Effects of nitrogen loading on emission of carbon gases from estuarine tidal marshes with varying salinity

Minjie Hu; Josep Peñuelas; Jordi Sardans; Jiafang Huang; Dongdong Li; Chuan Tong

doi:10.1016/j.scitotenv.2019.02.429

Effects of nitrogen loading on emission of carbon gases from estuarine tidal marshes with varying salinity

Sci Total Environ. 2019 Jun 1:667:648-657. doi: 10.1016/j.scitotenv.2019.02.429. Epub 2019 Feb 28.

Authors

Minjie Hu¹, Josep Peñuelas², Jordi Sardans², Jiafang Huang³, Dongdong Li³, Chuan Tong⁴

Affiliations

¹ Key Laboratory of Humid Sub-tropical Eco-geographical Process of Ministry of Education, Fujian Normal University, Fuzhou 350007, China; College of the Environment and Ecology, Xiamen University, Xiamen 361102, China.
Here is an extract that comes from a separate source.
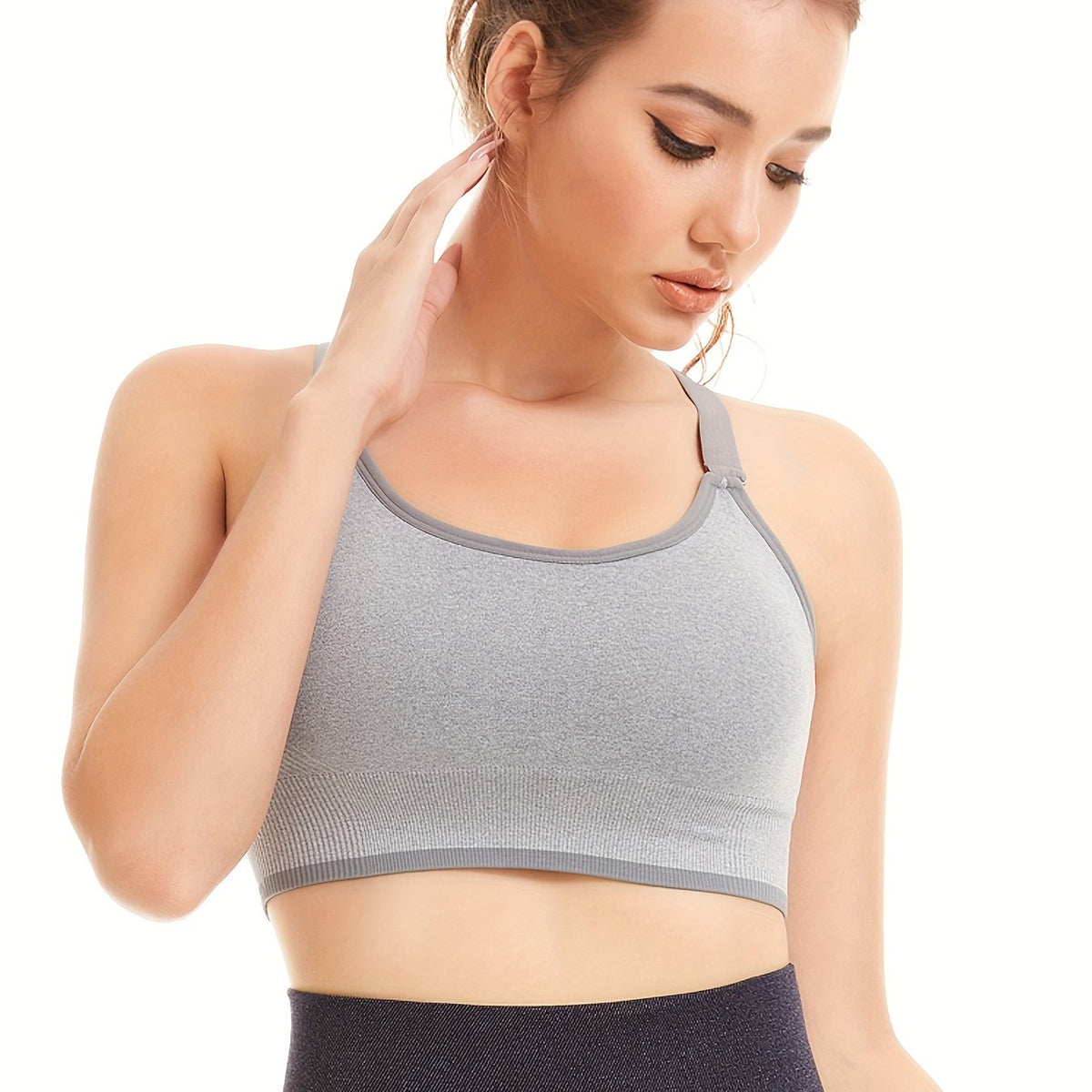 Comfy Wireless Sports Bra for Running Workout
Electronic address: mjhu@xmu.edu.cn.
² CSIC, Global Ecology CREAF-CSIC-UAB, Bellaterra, 08193 Barcelona, Catalonia, Spain; CREAF, Cerdanyola del Vallès, 08193 Barcelona, Catalonia, Spain.
³ Key Laboratory of Humid Sub-tropical Eco-geographical Process of Ministry of Education, Fujian Normal University, Fuzhou 350007, China.
⁴ Key Laboratory of Humid Sub-tropical Eco-geographical Process of Ministry of Education, Fujian Normal University, Fuzhou 350007, China. Electronic address: tongch@fjnu.edu.cn.

PMID: 30833263
DOI: 10.1016/j.scitotenv.2019.02.429

Abstract

Estuarine tidal marshes sequester significant quantities of carbon and are suffering from anthropogenic nitrogen (N) enhancement. However, the effects of this N loading on carbon gas emissions from freshwater-oligohaline tidal marshes are unknown. In this paper, we report on our evaluation of the effects of a N gradient (0, 24, 48 and 96 g NH₄NO₃-N m^-2 y^-1) on the methane (CH₄) and carbon dioxide (CO₂) emissions from freshwater and oligohaline tidal marshes in the Min River estuary, southeast China. On an annual scale, the oligohaline marsh has significantly higher CO₂ emissions, while it has slightly lower CH₄ emissions relative to freshwater marsh. The addition of N increased CH₄ emission from the freshwater marsh and decreased CH₄ emission from the oligohaline marsh, although there was no statistically significant difference in CH₄ emission between either of the two marshes and the control. The addition of 96 g NH₄NO₃-N m^-2 y^-1 significantly increased CO₂ emission from the freshwater marsh, while it did not significantly influence CO₂ emission from the oligohaline marsh. CH₄ and CO₂ emission levels were positively correlated with soil temperature under all conditions. The CH₄ flux resulting from both the control and the addition of N was negatively correlated with porewater SO₄^2- and Cl^- concentrations and soil EC in the oligohaline marsh. Overall, N addition significantly increased carbon gas emissions under freshwater conditions while slightly inhibiting carbon gas emissions from the oligohaline marsh. Our findings suggested that even under low salinity conditions, the effects of N loading on CH₄ and CO₂ emissions from freshwater and oligohaline tidal marshes can vary. We propose that the addition of N to estuarine tidal marshes has a significant effect on the carbon cycle and promotes soil carbon loss, phenomena which may be influenced by salinity.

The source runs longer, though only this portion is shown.